However, prior to we will be able to assume incrementally, we need to perceive a couple of new ideas: concentrating on and variants. Focused on is the act of figuring out which customers will obtain a given a variant. And, a variant is the worth returned by way of comparing a characteristic flag within the context of a given request.
To assist explain those ideas, let’s take the primary if
observation—from previous within the bankruptcy—and factor-out the featureIsEnabled()
name. This may increasingly assist separate the characteristic flag analysis from the next keep an eye on glide and intake:
var booleanVariant = featureIsEnabled();
if ( booleanVariant == true ) {
// Execute NEW good judgment.
} else {
// Execute OLD good judgment.
}
On this instance, our characteristic flag makes use of a Boolean information kind, which is able to most effective ever constitute two imaginable values: true
and false
. Those values are the variants related to the characteristic flag. Focused on for this option flag then manner understanding which requests obtain the true
variant and which requests obtain the false
variant.

Boolean characteristic flags are, by way of a long way, the commonest. Then again, a characteristic flag can constitute any roughly information kind: Booleans, strings, numbers, dates, JSON (JavaScript Object Notation), and so on. The non-Boolean information sorts might compose any selection of variants and free up all way of compelling capability. However, for the instant, let’s persist with our Booleans.

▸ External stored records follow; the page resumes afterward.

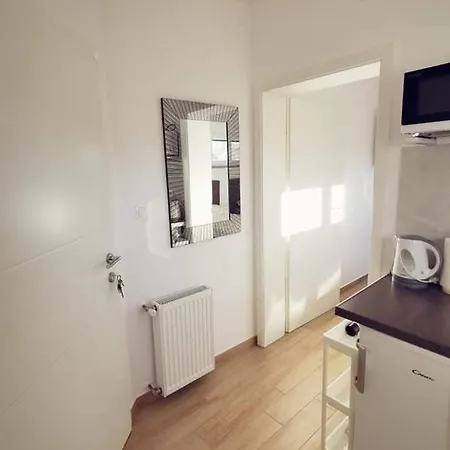 Marco Lukas Patrick: Quiet With Parking Near Center Apartman Pula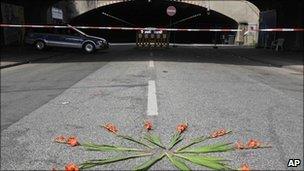 Tributes at Love Parade, 25 July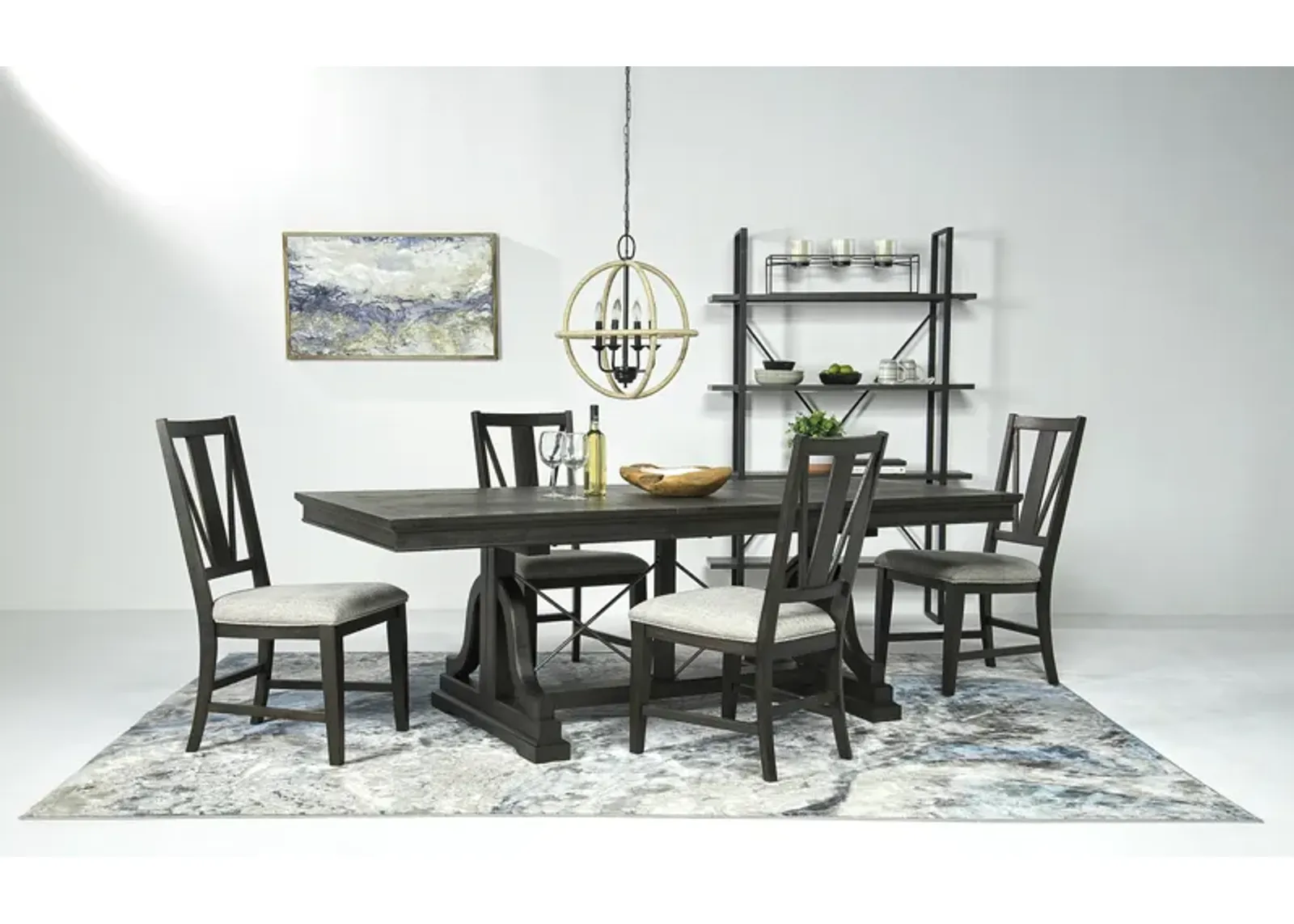 Bay Creek Extendable Dining Table & 4 V-Back Chairs in Graphite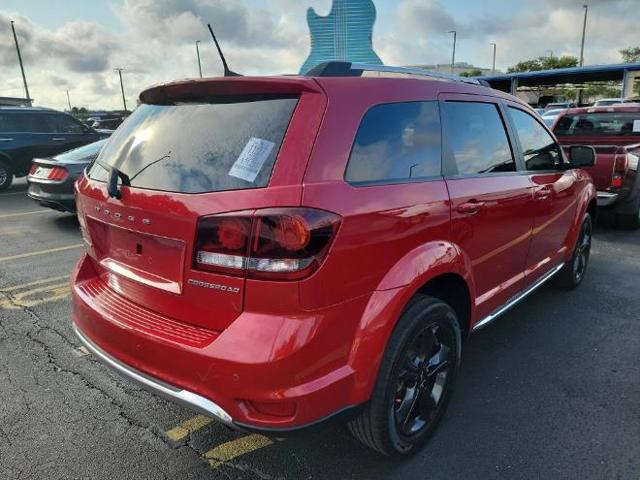 2020 dodge journey crossroad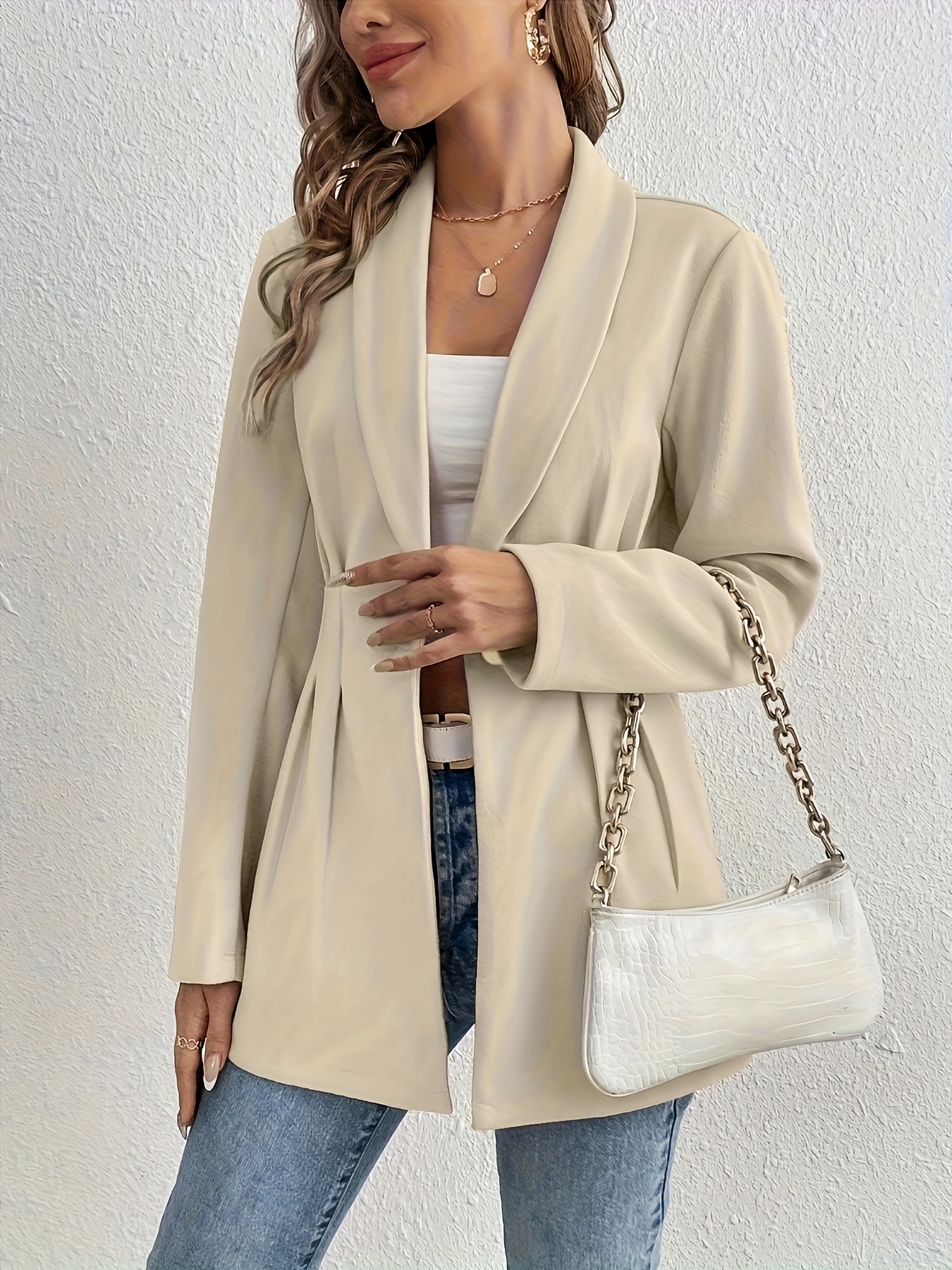 Blazer elegante de color beige para mujer con detalles de botones - Manga larga, ajuste suelto, chaqueta de poliéster para primavera/otoño, ropa casual a formal, chaqueta de ropa casual | Blazer elegante | Chaqueta de poliéster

Focused on—the act of funneling requests into a selected variant—calls for us to offer figuring out knowledge as a part of the characteristic flag analysis. There is no “proper kind” of figuring out knowledge—each and every analysis goes to be context-specific; however, I to find that Consumer ID and Consumer E mail are a great spot to begin (for user-facing capability):
var booleanVariant = featureIsEnabled(
userID = request.person.identity,
userEmail = request.person.e mail
);
if ( booleanVariant == true ) {
// Execute NEW good judgment.
} else {
// Execute OLD good judgment.
}
All through this guide, I will refer the request
object as a method to entry details about the incoming HTTP request. The request
object has not anything to do with characteristic flags; and, is right here most effective to give you the values that we want with a purpose to illustrate concentrating on:
-
request.person
– incorporates details about the authenticated person making the request. This may increasingly come with houses likeidentity
ande mail
(as proven above). -
request.consumer
– incorporates details about the browser making the request. This may increasingly come with houses likeipAddress
. -
request.server
– incorporates details about the server this is recently processing the request. This may increasingly come with houses likehost
.
After we incorporate this figuring out knowledge into our characteristic flag analysis, we will be able to start to differentiate one request from some other. That is the place issues begin to get thrilling. As an alternative of our characteristic flag being fully on for all customers, most likely we most effective need it to be on for an allow-listed set of Consumer IDs. One implementation of this type of featureIsEnabled()
serve as would possibly appear to be this:
public boolean serve as featureIsEnabled(
numeric userID = 0,
string userEmail = ""
) {
transfer ( userID ) {
case 1:
case 2:
case 3:
case 4:
go back( true );
ruin;
default:
go back( false );
ruin;
}
}
Or, most likely we most effective need the characteristic flag to be on for customers with an inner corporate e mail cope with:
public boolean serve as featureIsEnabled(
numeric userID = 0,
string userEmail = ""
) {
if ( userEmail incorporates "@bennadel.com" ) {
go back( true );
}
go back( false );
}
Or, most likely we most effective need the characteristic flag to be enabled for a small share of customers:
public boolean serve as featureIsEnabled(
numeric userID = 0,
string userEmail = ""
) {
var userPercentile = ( userID % 100 );
if ( userPercentile <= 5 ) {
go back( true );
}
go back( false );
}
On this case, we are the use of the modulo operator to continuously translate the Consumer ID right into a numeric price. This numeric price provides us a technique to continuously map customers onto a percentile: each and every further the rest represents an extra 1% of customers. Right here, we are enabling our characteristic flag for a consistently-segmented 5% of customers.
We will be able to even mix a number of other concentrating on ideas directly with a purpose to observe extra granular keep an eye on. Believe that we most effective need to goal inner corporate customers; and, of the ones focused customers, most effective allow the characteristic for 25% of them:
public boolean serve as featureIsEnabled(
numeric userID = 0,
string userEmail = ""
) {
// First, goal according to e mail.
if ( userEmail incorporates "@bennadel.com" ) {
var userPercentile = ( userID % 100 );
// 2nd, goal according to percentile.
if ( userPercentile <= 25 ) {
go back( true );
}
}
go back( false );
}
Consumer concentrating on, blended with a %-based rollout, is a surprisingly robust a part of the characteristic flag workflow. Now, as a substitute of enabling a probably dangerous characteristic for all customers at one time, believe a a lot more graduated rollout the use of characteristic flags:
- Deploy dormant code to manufacturing servers.
- Allow characteristic flag for your person ID.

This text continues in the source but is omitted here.